-- Opening Marker --
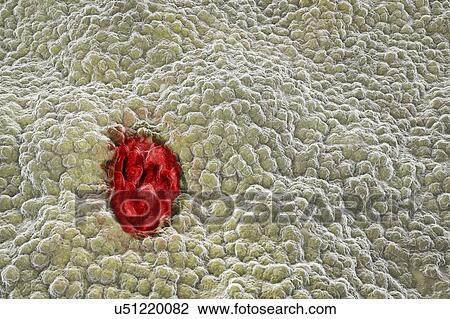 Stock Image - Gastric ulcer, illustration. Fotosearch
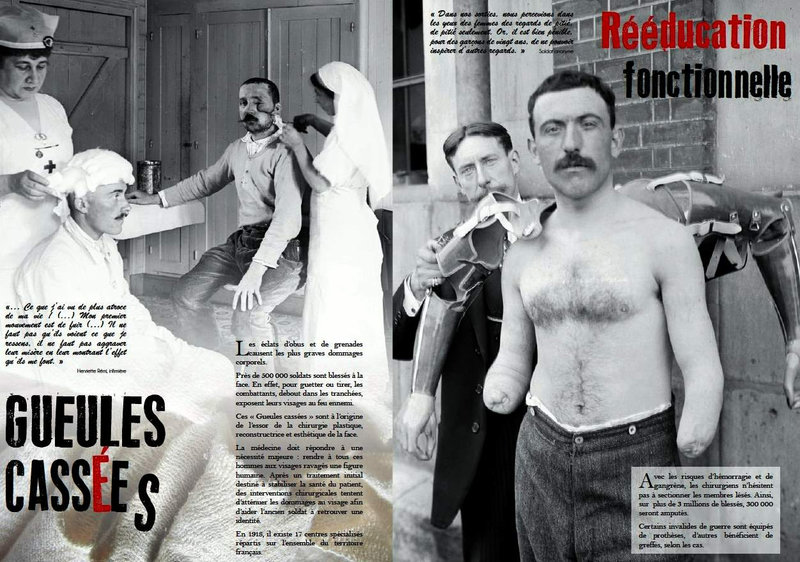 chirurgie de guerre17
-- Closing Marker --
-- Opening Marker --
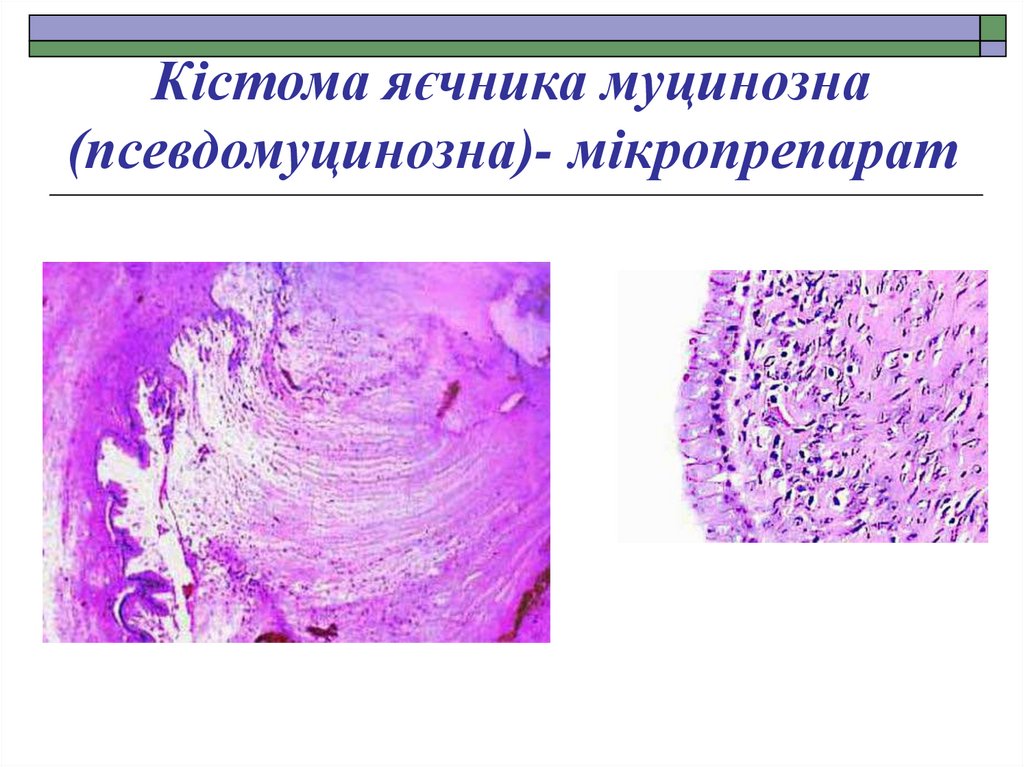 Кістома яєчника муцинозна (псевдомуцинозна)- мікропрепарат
-- Closing Marker --
-- Opening Marker --
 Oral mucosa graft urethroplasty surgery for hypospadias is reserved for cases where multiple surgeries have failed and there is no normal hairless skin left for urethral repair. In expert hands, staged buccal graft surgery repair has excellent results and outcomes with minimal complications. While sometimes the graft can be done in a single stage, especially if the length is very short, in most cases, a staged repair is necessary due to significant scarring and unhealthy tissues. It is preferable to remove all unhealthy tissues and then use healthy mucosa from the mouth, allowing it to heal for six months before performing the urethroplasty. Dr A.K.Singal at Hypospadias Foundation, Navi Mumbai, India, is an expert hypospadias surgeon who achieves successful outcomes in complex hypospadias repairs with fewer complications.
-- Closing Marker --
Exercise prompt — The reply should hold the entries above from the line with "Stock Image - Gastric" to the line with "chirurgie de guerre17", duplicated exactly, pictures excluded.

Exercise result —
 Stock Image - Gastric ulcer, illustration. Fotosearch
 chirurgie de guerre17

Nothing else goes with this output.